Like every other aspect of life in the 21st Century, technology has changed the shopping experience in a significant way. With the proliferation of Internet access, consumers rushed to their computer screens to research and compare product features, read customer reviews, and hunt for the lowest price. They then punched in their credit card numbers and anxiously waited for their purchases to arrive. Cyber-retailers responded by building robust websites and logistics processes to support the demand and fuel consumer appetite.

Brick and mortar retailers, initially paralyzed by loss of marketshare, have learned how to fight fire with fire. By blending the digital experience with the intuitive perspective from customers, they began employing technology in new ways in order to enhance the traditional shopping experience. And consumers, recognizing the grass is not always greener in cyberspace, are coming back to the stores with different expectations and renewed loyalties. Online shopping revenue is expected to rise significantly by 2016, and stores will be challenged to make buying local beat the virtual world.

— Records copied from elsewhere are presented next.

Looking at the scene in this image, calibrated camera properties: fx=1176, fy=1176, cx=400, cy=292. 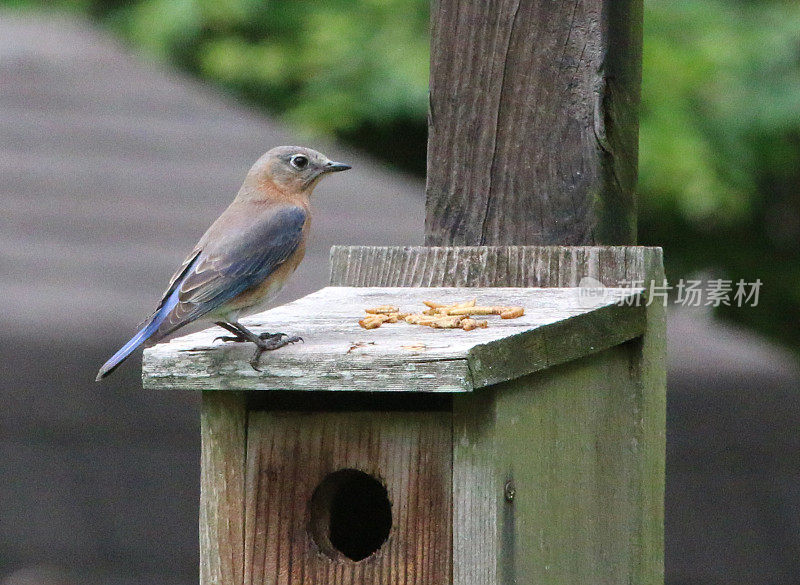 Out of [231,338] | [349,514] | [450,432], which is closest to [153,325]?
[231,338]

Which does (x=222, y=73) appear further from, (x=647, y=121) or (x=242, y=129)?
(x=647, y=121)

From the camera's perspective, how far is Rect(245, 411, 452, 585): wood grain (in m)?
2.24

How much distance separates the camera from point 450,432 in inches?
87.1

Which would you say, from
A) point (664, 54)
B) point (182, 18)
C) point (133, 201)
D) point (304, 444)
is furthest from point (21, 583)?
point (664, 54)

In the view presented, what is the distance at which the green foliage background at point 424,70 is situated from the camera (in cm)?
665

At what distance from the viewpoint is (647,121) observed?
6742 mm

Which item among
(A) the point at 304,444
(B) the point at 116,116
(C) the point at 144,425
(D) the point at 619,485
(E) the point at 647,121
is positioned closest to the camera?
(A) the point at 304,444

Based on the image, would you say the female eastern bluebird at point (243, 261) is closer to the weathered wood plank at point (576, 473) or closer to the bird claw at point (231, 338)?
the bird claw at point (231, 338)

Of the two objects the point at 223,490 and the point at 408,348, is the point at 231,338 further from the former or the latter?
the point at 408,348

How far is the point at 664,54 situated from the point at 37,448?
400 cm

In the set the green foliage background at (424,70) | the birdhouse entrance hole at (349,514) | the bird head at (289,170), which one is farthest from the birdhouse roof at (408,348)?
the green foliage background at (424,70)

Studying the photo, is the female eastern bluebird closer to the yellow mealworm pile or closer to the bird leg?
the bird leg

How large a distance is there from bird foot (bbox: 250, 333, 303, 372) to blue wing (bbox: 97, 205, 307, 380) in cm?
30

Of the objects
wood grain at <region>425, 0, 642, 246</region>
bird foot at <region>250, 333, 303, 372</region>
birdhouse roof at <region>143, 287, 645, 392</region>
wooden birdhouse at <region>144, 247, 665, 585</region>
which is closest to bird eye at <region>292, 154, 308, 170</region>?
wood grain at <region>425, 0, 642, 246</region> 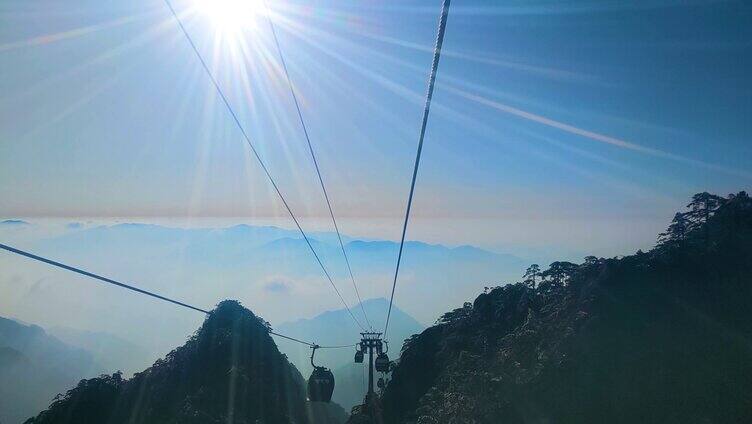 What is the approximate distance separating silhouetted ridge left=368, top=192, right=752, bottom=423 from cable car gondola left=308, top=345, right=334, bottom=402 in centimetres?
1263

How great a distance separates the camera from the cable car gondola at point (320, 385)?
2308 cm

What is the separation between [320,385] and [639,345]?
21946mm

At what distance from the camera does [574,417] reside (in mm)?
25750

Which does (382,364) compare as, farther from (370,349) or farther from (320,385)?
(320,385)

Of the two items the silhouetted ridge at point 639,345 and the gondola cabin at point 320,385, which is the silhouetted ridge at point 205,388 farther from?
the gondola cabin at point 320,385

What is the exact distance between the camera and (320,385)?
23219mm

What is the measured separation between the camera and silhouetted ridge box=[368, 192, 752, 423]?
82.1 ft

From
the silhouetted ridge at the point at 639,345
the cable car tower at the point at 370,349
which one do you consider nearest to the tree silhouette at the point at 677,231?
the silhouetted ridge at the point at 639,345

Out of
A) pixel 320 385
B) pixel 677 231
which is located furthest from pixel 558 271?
pixel 320 385

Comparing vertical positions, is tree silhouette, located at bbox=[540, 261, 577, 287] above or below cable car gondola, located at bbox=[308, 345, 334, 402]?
above

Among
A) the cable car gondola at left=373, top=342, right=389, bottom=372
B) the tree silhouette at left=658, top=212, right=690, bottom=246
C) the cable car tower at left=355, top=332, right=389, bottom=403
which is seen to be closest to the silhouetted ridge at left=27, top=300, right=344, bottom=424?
the cable car tower at left=355, top=332, right=389, bottom=403

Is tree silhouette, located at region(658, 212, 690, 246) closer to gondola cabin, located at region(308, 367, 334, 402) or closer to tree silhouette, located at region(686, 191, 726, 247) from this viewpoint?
tree silhouette, located at region(686, 191, 726, 247)

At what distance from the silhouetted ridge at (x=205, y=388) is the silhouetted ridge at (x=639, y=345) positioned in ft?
48.2

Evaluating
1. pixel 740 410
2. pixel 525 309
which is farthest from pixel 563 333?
pixel 525 309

The challenge facing retailers now is balancing technology with human interaction to recognize the benefits of both online and physical expenditures. Initially, fear of showrooming (consumers exploring products in-store then purchasing online) was great. Now, recognition that there is still a preference to buy in-person if cost is taken out of the equation, a refocusing on pairing all the convenience of online with the value of customer service, retailers are repositioning themselves more as consumer resources rather than purveyors of goods.

Staff is being retrained to assist customers rather than perform isolated functions (ringing a register, stocking shelves, etc.). Those processes are still vital, but can now be streamlined and supported by technology. Today’s consumer has far more information available to them, yet still find reassurance in making a human connection to conclude their purchase with confidence.